Our proposed method is of hybrid nature since it incorporates optical flow information into extracted local features and it examines long-term trajectories to capture both global and local attributes. These attributes have the advantages of capturing the spatial and temporal variations of feature tracks simultaneously. Consequently, they convey rich information about the spatial distributions and mouvements of pedestrians in the scene which are strongly related to the ongoing crowd behaviors.

While most of existing works rely on optical flow information between consecutive frames, in our approach we extend this information to build trajectories in order to accurately represent the motion with the video. Also, the generated feature tracks undergo an implicit temporal filtering step which makes them smoother.

Another substantial contribution of this paper, is the use of local crowd density in addition to the commonly used crowd motion forms (speed and orientation). We consider it as an important cue for early detection of crowd event and it could complement crowd dynamics (motion) information. For example, walking/running events are typically recognized by measuring the speed. However, it is also important to provide additional information about the number or the density of individuals moving at high speed. Other crowd events such as crowd formation/splitting have been analyzed using the direction of optical flow, again this information is not sufficient, because a large number of individuals has to be involved and to participate to crowd formation.

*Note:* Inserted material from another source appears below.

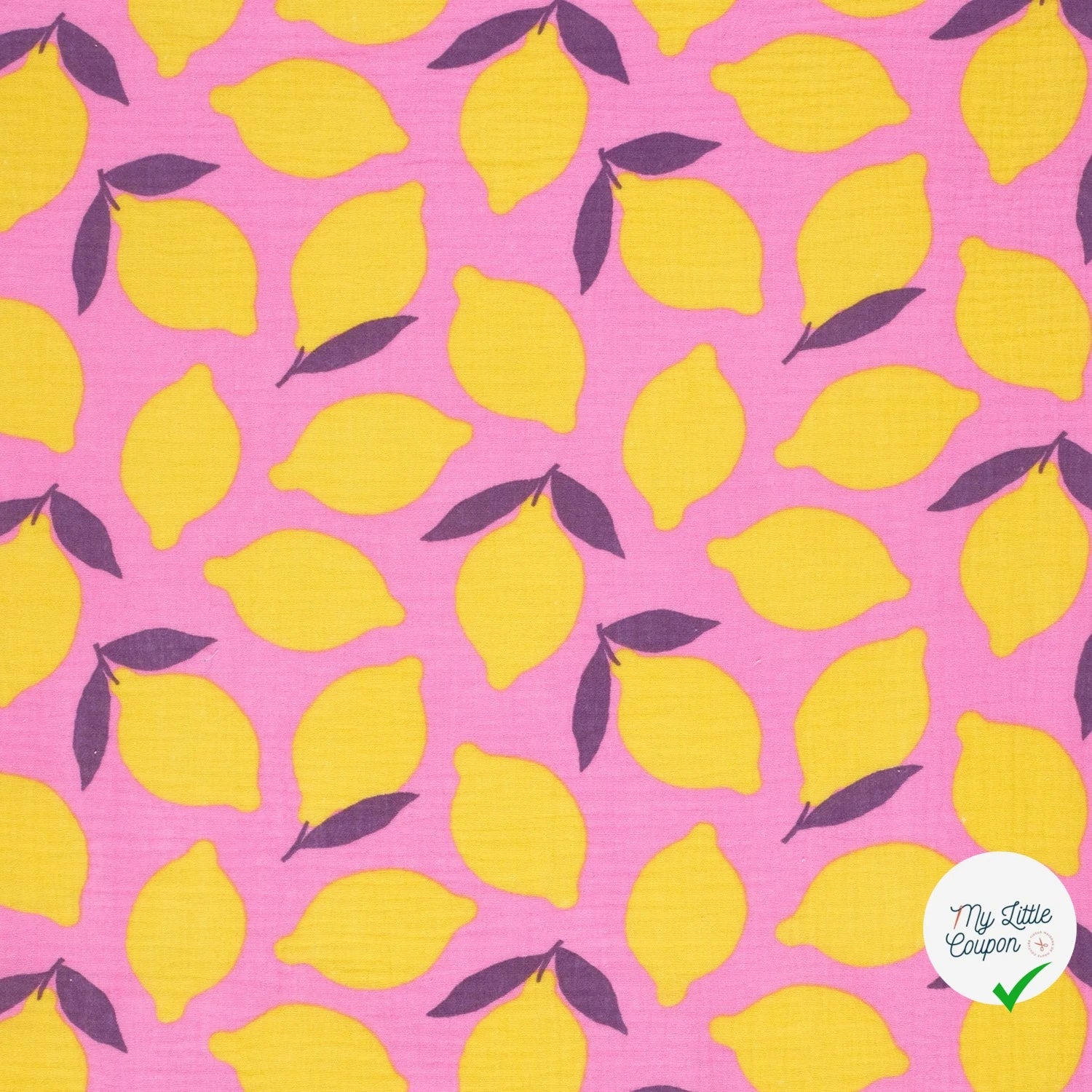 DOUBLE GAZE DE COTON CITRONS ROSE - My Little Coupon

Another example that justifies the relevance of using crowd density for event characterization is the blocking situations in large scale crowd, in this case relying on motion information is not enough since there is no enough spaces to move, as a result the speed slows down. These examples illustrate the need to use density as additional cue for characterizing crowd events, also it helps to localize crowded regions.

3 Crowd tracking

Although there are different approaches to the tracking problem, their applications are limited to scenes with few and easily perceptible constituents. Generally, the application of conventional tracking algorithms on videos of high dense crowds is challenging and is encountered by many issues. Actually, crowded scenes exhibit some particular characteristics rendering the problem of multi-target tracking more difficult than in scenes with few people: Firstly, due to the large number of pedestrians within extremely crowded scenes, the size of a target is usually small in crowds. Secondly, the number of pixels of an object decreases with a higher density due to the occlusions caused by inter-object interactions. Thirdly, constant interaction among individuals in the crowd makes it hard to discern them from each others. Finally and as the most difficult problem, full target occlusions that may occur (often for a long time) by other objects in the scene or by other targets.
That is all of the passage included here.